WHAT TO PRODUCE –
Among the records that follow, set down only the lines from the one containing "بالصور.. إقامة أكبر" to the one containing "少年游魏晨歌词（少年游魏晨发表时间）", both included, exactly.

EXERCISE INPUT –
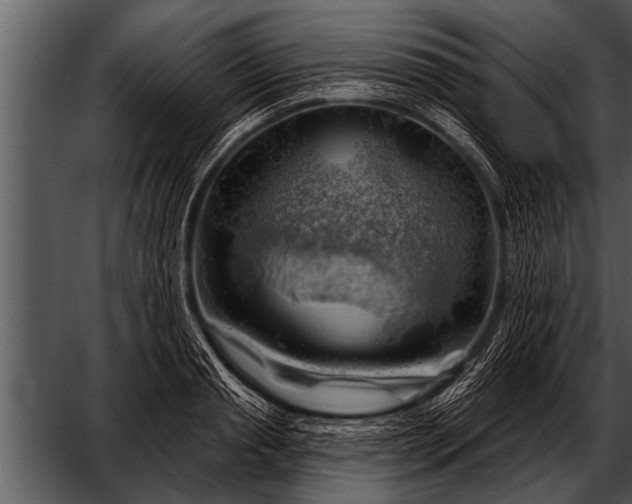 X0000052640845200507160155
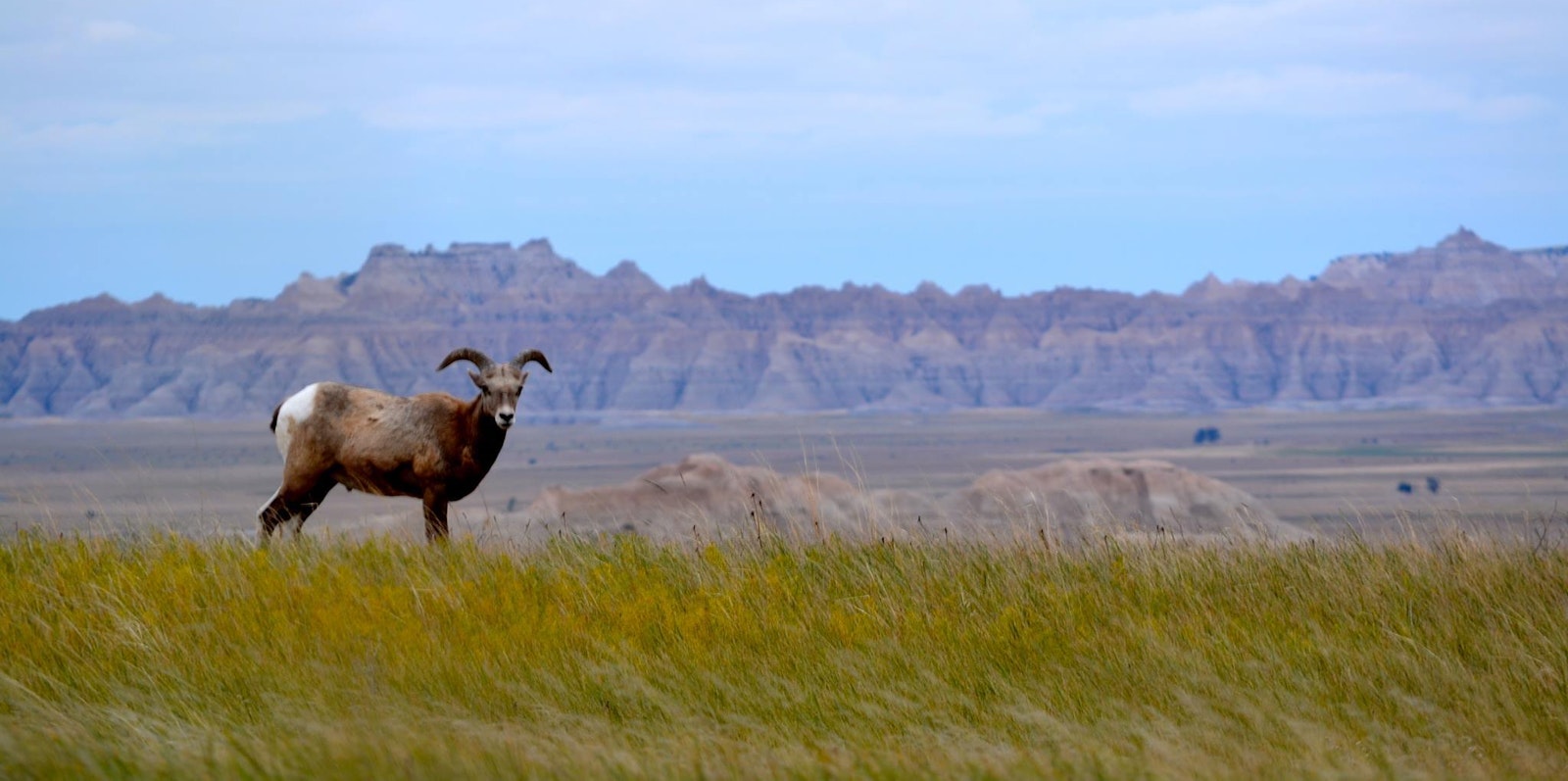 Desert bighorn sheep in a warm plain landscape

---

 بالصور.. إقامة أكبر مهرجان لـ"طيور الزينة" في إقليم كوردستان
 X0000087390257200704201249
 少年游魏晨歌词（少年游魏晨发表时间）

* * *

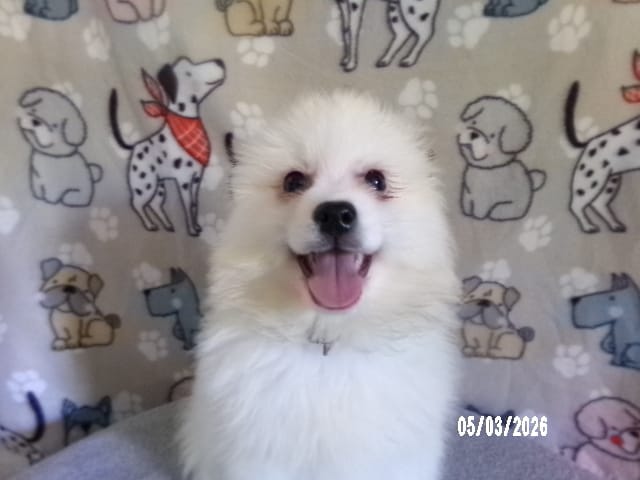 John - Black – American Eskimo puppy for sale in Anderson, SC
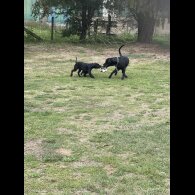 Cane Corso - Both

OUTPUT BELOW –
 بالصور.. إقامة أكبر مهرجان لـ"طيور الزينة" في إقليم كوردستان
 X0000087390257200704201249
 少年游魏晨歌词（少年游魏晨发表时间）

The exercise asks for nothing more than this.